In hot enfleurage, solid fats are heated and botanical matter is stirred into the fat. Spent botanicals are repeatedly strained from the fat and replaced with fresh material until the fat is saturated with fragrance. This method is considered the oldest known procedure for preserving plant fragrance substances. So far Wild Veil only incorporates cold enfleurage into products.
In both instances, once the fat is saturated with fragrance, it is then called the "enfleurage pommade." This is a highly perfumed solid fat, not to be confused with pomade used for styling hair. Historically, this enfleurage pommade was either sold as it was,* or it could be further washed or soaked in ethyl alcohol to draw the fragrant molecules into the alcohol. When the alcohol was separated from the fat and allowed to evaporate, it would leave behind the absolute of the botanical matter. The spent fat would typically be used to make soaps since it is still fairly fragrant. *This listing is for an organic pommade.
The advent of modern perfumery ushered in the ease and relative inexpense of commercial solvent-based extraction of natural materials along with mass production of synthetic compounds, making the art of enfleurage seem highly inefficient and costly in comparison. The method is now superseded by more efficient techniques such as solvent extraction or supercritical fluid extraction using liquid carbon dioxide (CO2) or similar compressed gases. Enfleurage had been the sole method of extracting the fragrant compounds (containing thousands of aromachemicals) from delicate floral botanical such as jasmine and tuberose, which are be destroyed or denatured by the high temperatures required by cheaper methods of fragrance extraction such as steam distillation. It is still believed by some perfumers that enfleurage remains the only way to capture and preserve the full range of complexity of certain scents, particularly of flowers.
s i z i n g ☽•☾
I offer enfleurage in sizes of 1ml (a sample of approximately 20-25 drops), 5ml and 10ml. 1ml (sample size) comes in a hinge top pod. 5ml comes in a clear glass jar. 10ml is available in a glass jar or a round tin.

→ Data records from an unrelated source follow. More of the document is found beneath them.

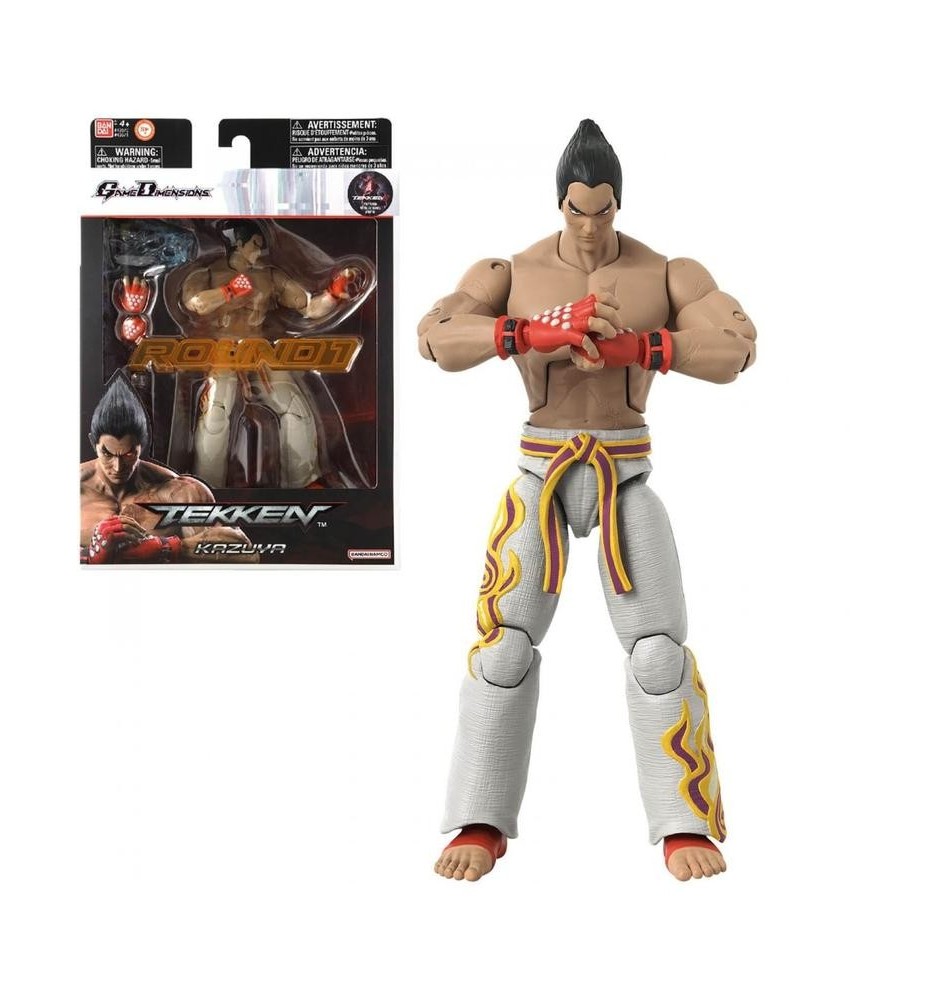 Figura Bandai Game Dimensions Tekken Kazuya Mishima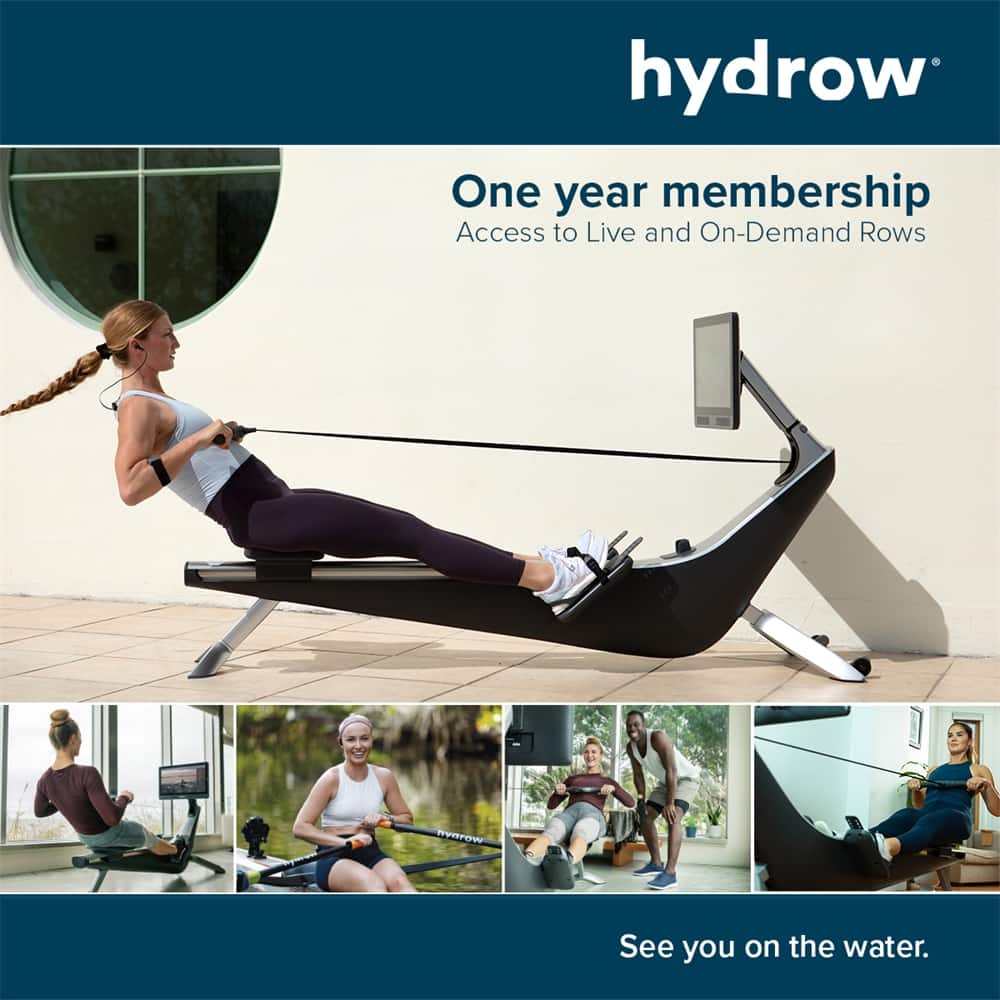 Front. Hydrow - 1-Year Subscription Code (Immediate Delivery).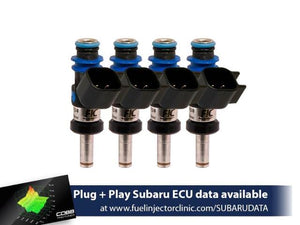 Fuel Injector Clinic 1440cc FIC Fuel Injector Set for Subaru BRZ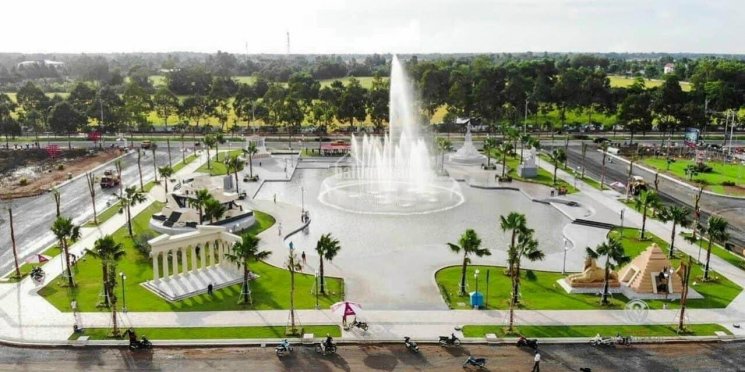 Bán đất nền giá rẻ có 13 triệu/m2 chủ đầu tư cát tường ngay trung tâm thành phố Vị Thanh tỉnh HG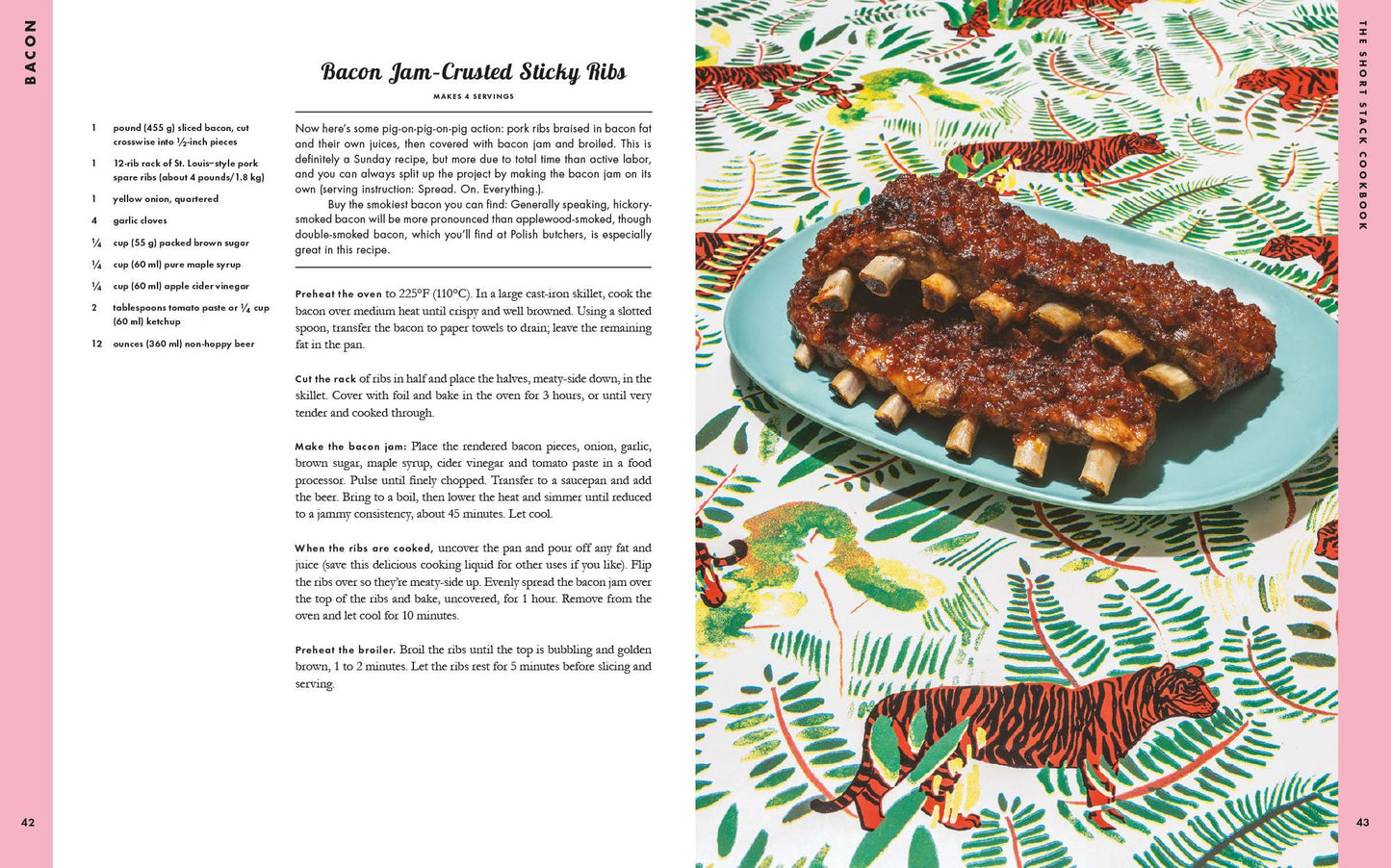 The Short Stack Cookbook: Ingredients That Speak Volumes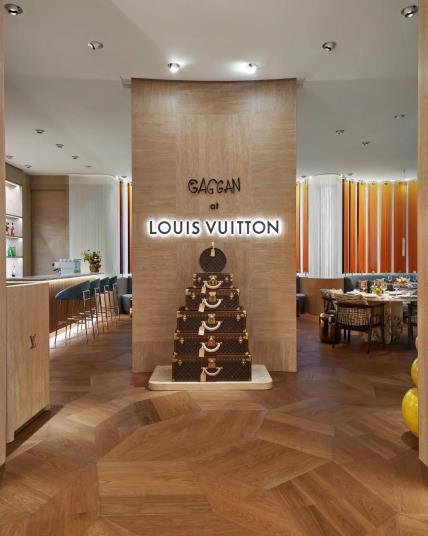 LV The Place Bangkok Gaggan at Louis Vuitton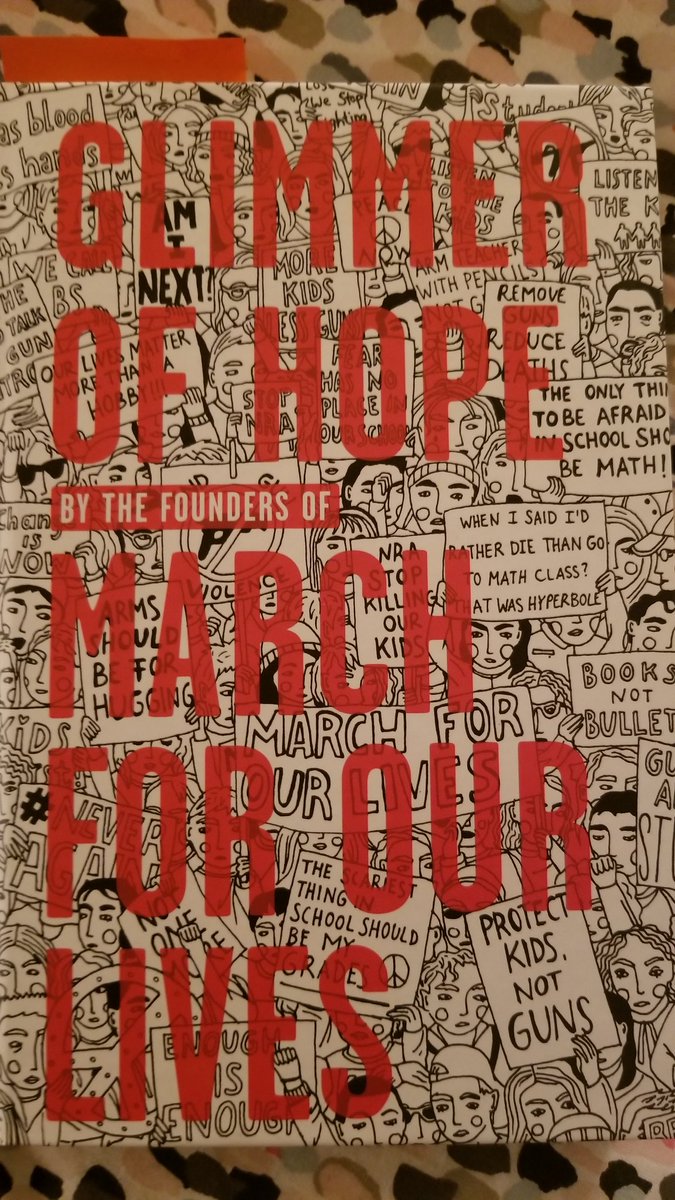 kparker2505's tweet photo. Had the honor of listening to 3 of the March for Our Lives cofounders.  Respect! #GlimmerofHope #truth https://t.co/qPtFU6YXhf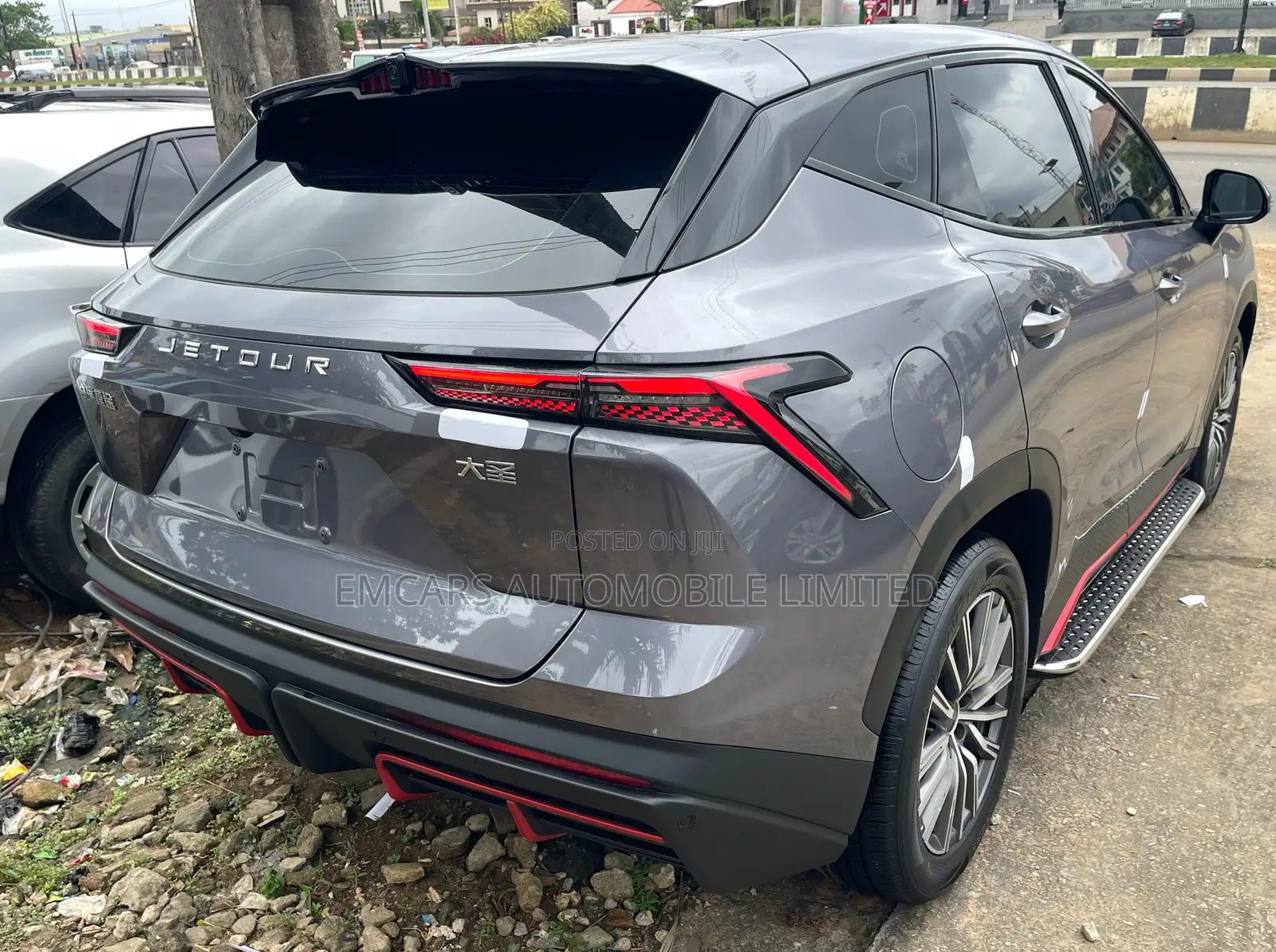 Jetour Dashing 2024 Gray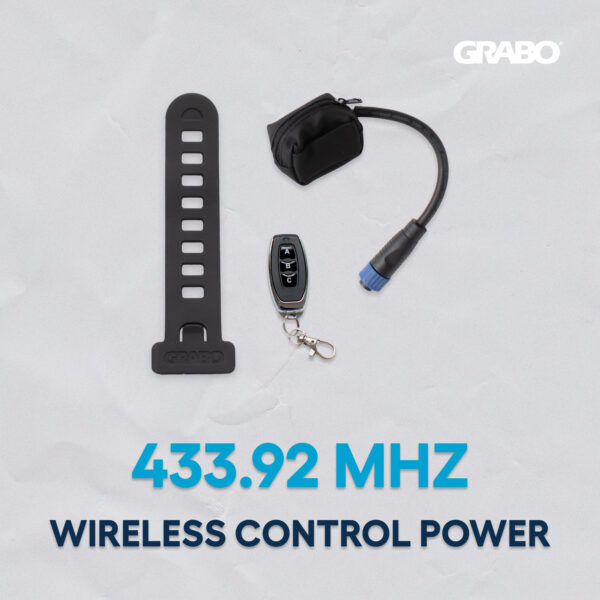 GRABO HIGH FLOW WIRELESS REMOTE - Imagen 8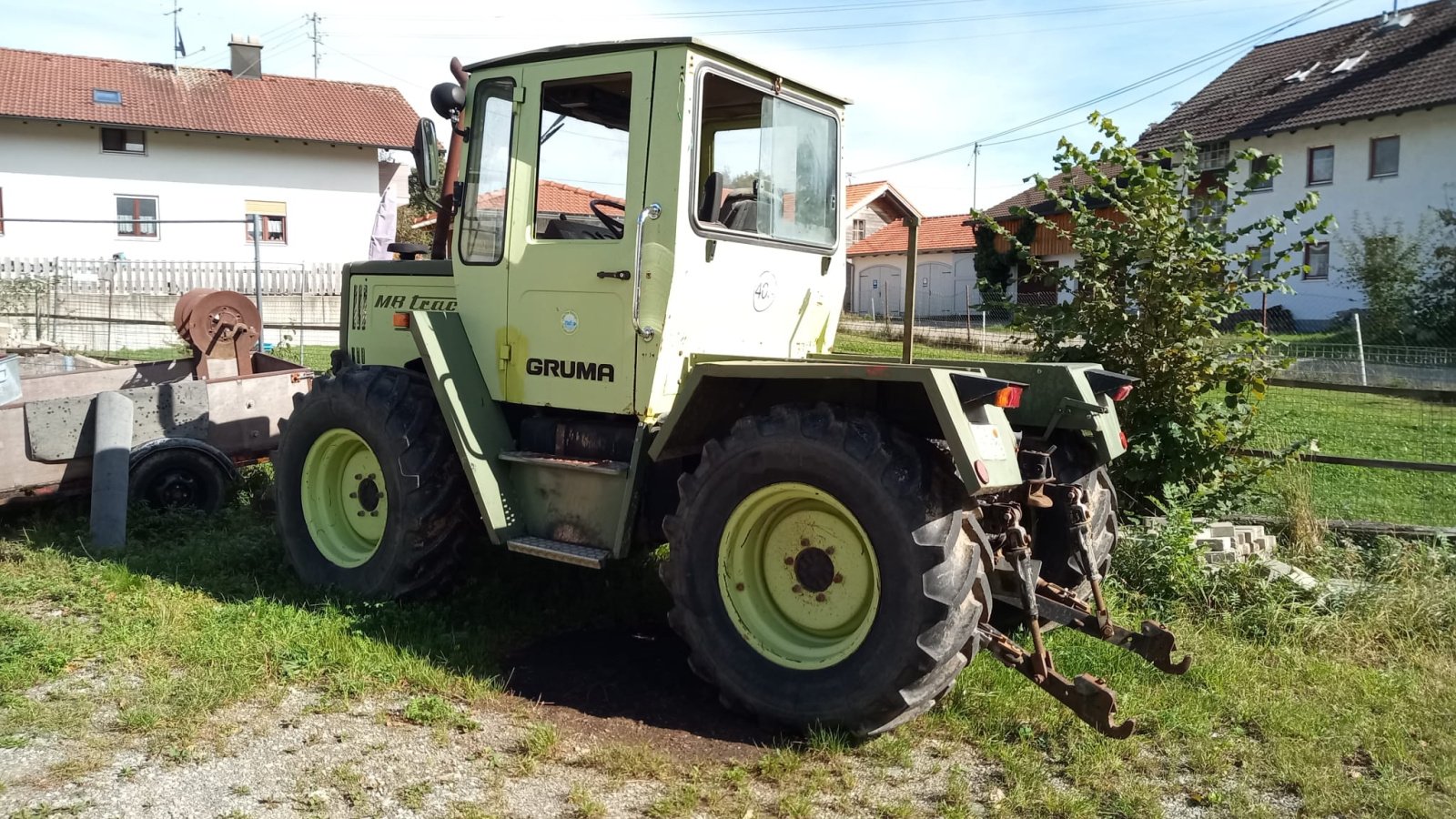 Traktor типа Mercedes-Benz MB-Trac 700 G, Gebrauchtmaschine в Günzach (Фотография 4)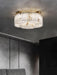 Luxe Alabaster Brass Ceiling Lamp Vakkerlight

Please make your selection from the menu.
r a w ☽•☾ m a t t e r
Wild Veil natural perfumes are composed by me, Abby, using homemade, wildcrafted and organic aromatics in Vermont. These include my handmade enfleurage, tinctures, enfleurage extraits, absolutes, resinoids and concretes, and floral waxes. I spend as much time growing plants and foraging as I do composing perfumes.
h o w ☽•☾ t o ☽•☾ w e a r
The best way to experience a natural perfume is to apply it to well-moisturized skin, without rubbing in (absorption only shortens the wear time of fragrance) and without scrubbing off. Natural perfumes are dynamic and take a minimum of 2 hours to reach their final stage, or dry down. Enjoy the alchemical changes as they unfold from the initial intensity of top notes, to the warmth of the heart, to the depth of lower base notes.